ZAMANI ZİKİR İLE DİRİ TUTMAK
1. Zamanı iyi kullanmak
Zaman Allah’ın insana bahşettiği en büyük nimetlerden biridir. Önemli olan bu nimetin kadrini bilmek suretiyle değerlendirmektir. Çünkü zaman, bir imtihan vesilesidir. İnsan zamanını nasıl geçirdiğinden sorulacaktır.
Cenabı Allah Asr suresinde zamanı boşa geçirenleri kınar. “Zamana Andolsun ki, insanların çoğu hüsrandadır”…Allah (c.c.) zamanımızı en güzel şekilde değerlendirmemiz için günü gündüz ve geceye bölmüştür.

وَجَعَلْنَا اللَّيْلَ وَالنَّهَارَ آيَتَيْنِ فَمَحَوْنَا آيَةَ اللَّيْلِ وَجَعَلْنَا آيَةَ النَّهَارِ مُبْصِرَةً لِتَبْتَغُواْ فَضْلاً مِّن رَّبِّكُمْ وَلِتَعْلَمُواْ عَدَدَ السِّنِينَ وَالْحِسَابَ وَكُلَّ شَيْءٍ فَصَّلْنَاهُ تَفْصِيلاً
“Biz geceyi ve gündüzü (kudretimizi gösteren) iki alâmet yaptık. Rabbinizden lütuf isteyesiniz, yılların sayısını ve hesabını bilesiniz diye geceyi giderip gündüzü aydınlatıcı kıldık. İşte biz her şeyi açıkça anlattık.”[1]

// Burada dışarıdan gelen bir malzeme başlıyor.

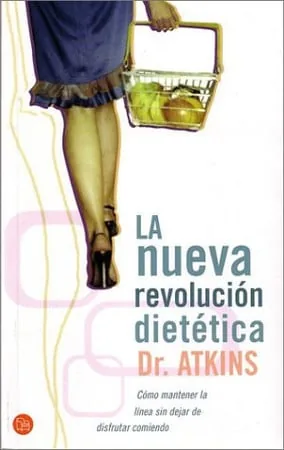 La nueva revolución dietética cover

Zamanı değerlendirmek onu ölçülü ve bilinçli kullanmakla olur. Bunun yolu da zamanı iş, ibadet ve istirahat saatlerine bölerek bir disiplin dahilinde zamana hükmetmekten geçer. Namazların orucun haccın ve bazı ibadetlerin belli zaman dilimlerine yerleştirilmesi bize bu disiplini sağlar. Efendimiz gününü dörde böler ve inananlara da bunu tavsiye ederdi. “Allah’a ibadete ayıracağı vakit, kendi işlerine ayıracağı vakit, ailesine ayıracağı vakit ve dinlenmeye ayıracağı vakit.

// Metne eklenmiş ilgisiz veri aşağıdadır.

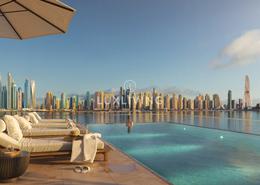 Penthouse - 3 bedrooms - 4 bathrooms for sale in Six Senses Residences - Palm Jumeirah - Dubai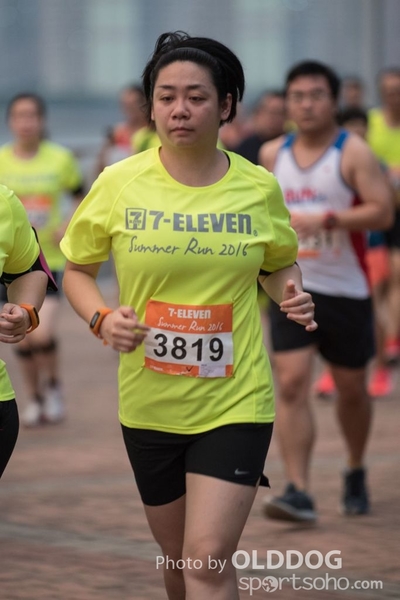 160709 711憭頝7Eleven Run (127)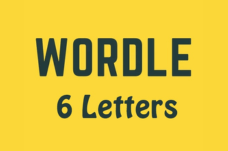 Wordle with 6 Letters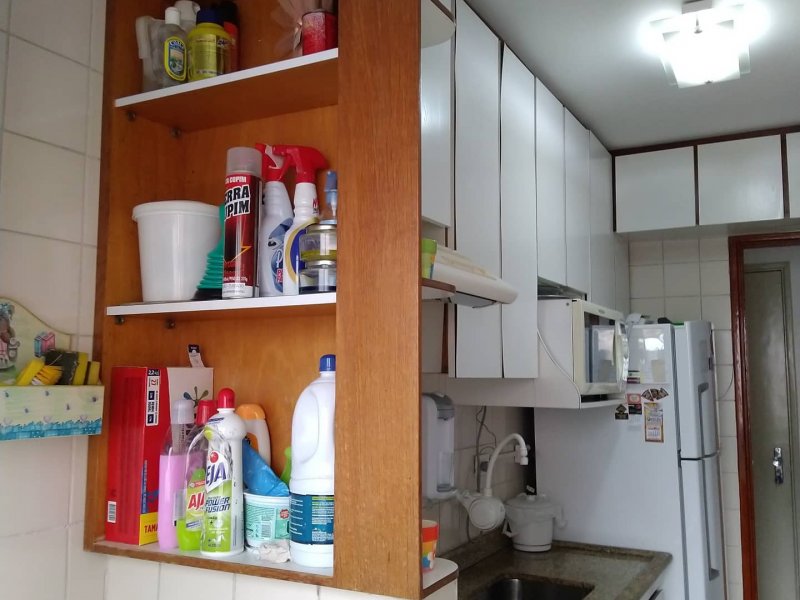 imóvel com 51m² - Parque das Nações - Santo André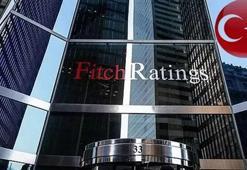 Fitch, Türkiye'nin büyüme tahminini yükseltti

Müslüman’ın boş vakti ve boşa harcayacak zamanı yoktur. Ömrümüz, sınırlı ve sonlu olduğundan sınırsız ve sonsuz mükafatları kazanabilmenin ve dünya hayatında başarılı olabilmenin yolu zamanı doğru ve verimli kullanmaktan geçer. Efendimiz (s.a.v.) bize boş vakitlerin kıymetini iyi bilmemizi öğütlemiştir.

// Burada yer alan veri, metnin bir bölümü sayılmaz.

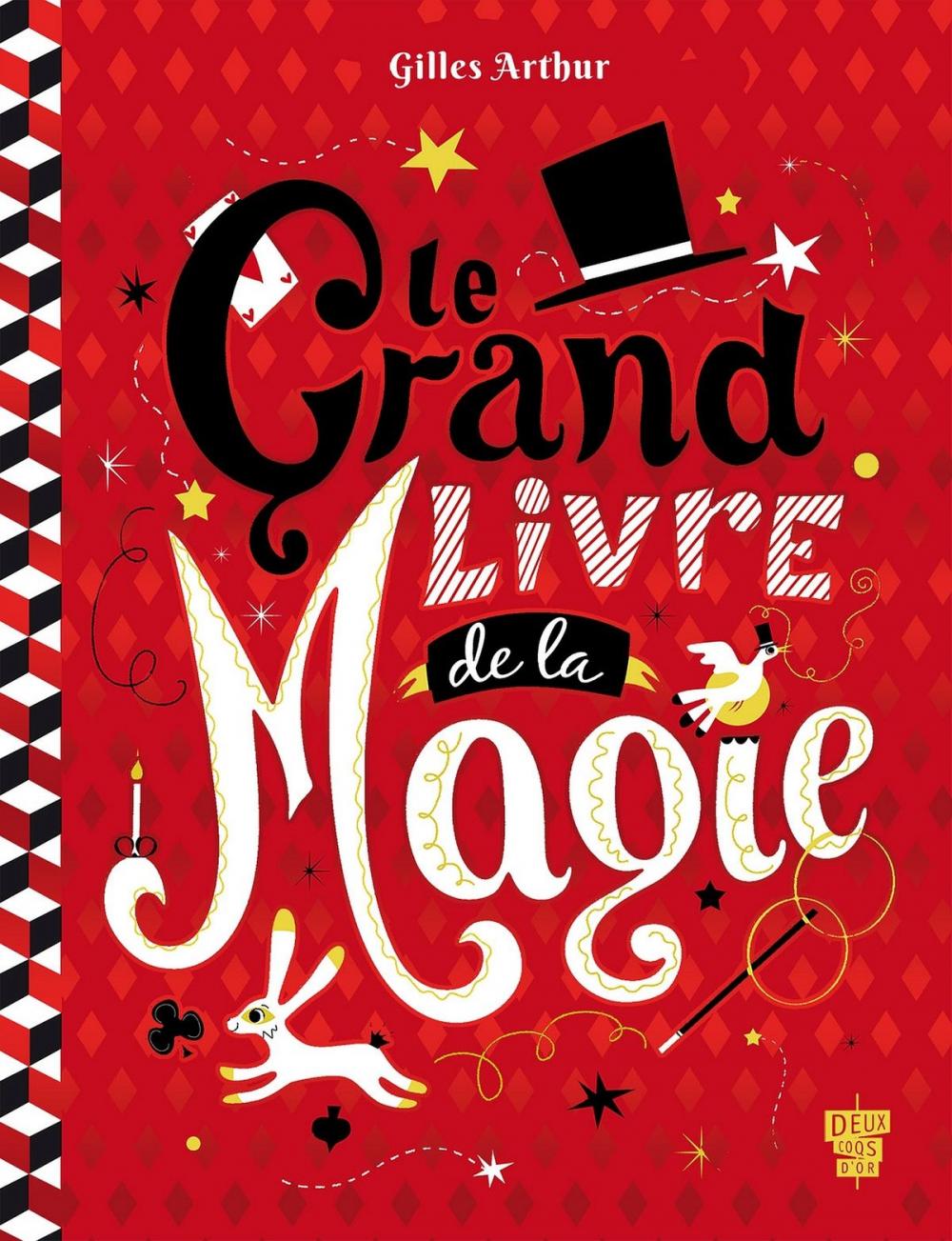 Big bigCover of Le Grand Livre de la Magie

Vakitlerimizin nafile ibadetlerle, ilim öğrenmekle hayırlı faydalı işlerle doldurulması gerekir. Bugün sohbete gelmek en hayırlı zaman değerlendirmedir. Bunun dışında dua ve zikir de hem zamanımızı iyi değerlendirmeye vesile olur, hem de bizi ruhen güçlendirir. Hayatın zorluklarına dayanma gücü kazandırır.
Burada bilhassa dua ve zikirle ilgili konuşmak yerinde olacaktır.

2. Dua ve Zikir
Zikir genel olarak, bir şeyin dilde ve kalpte hazır olması, o şeyin söz ile veya kalpte hatırlanmasıdır. Rabbimiz (cc) müminlere kendisini sürekli zikretmelerini emrediyor. Müminler inandıkları, her an tesbih ettikleri ve önünde kulluk yaptıkları Rablerini hiçbir zaman unutmazlar. O Rabbe karşı duydukları sevgi ve takva duygusu sürekli onların içindedir. Onlar devamlı bir şekilde Allah’ı zikrederler.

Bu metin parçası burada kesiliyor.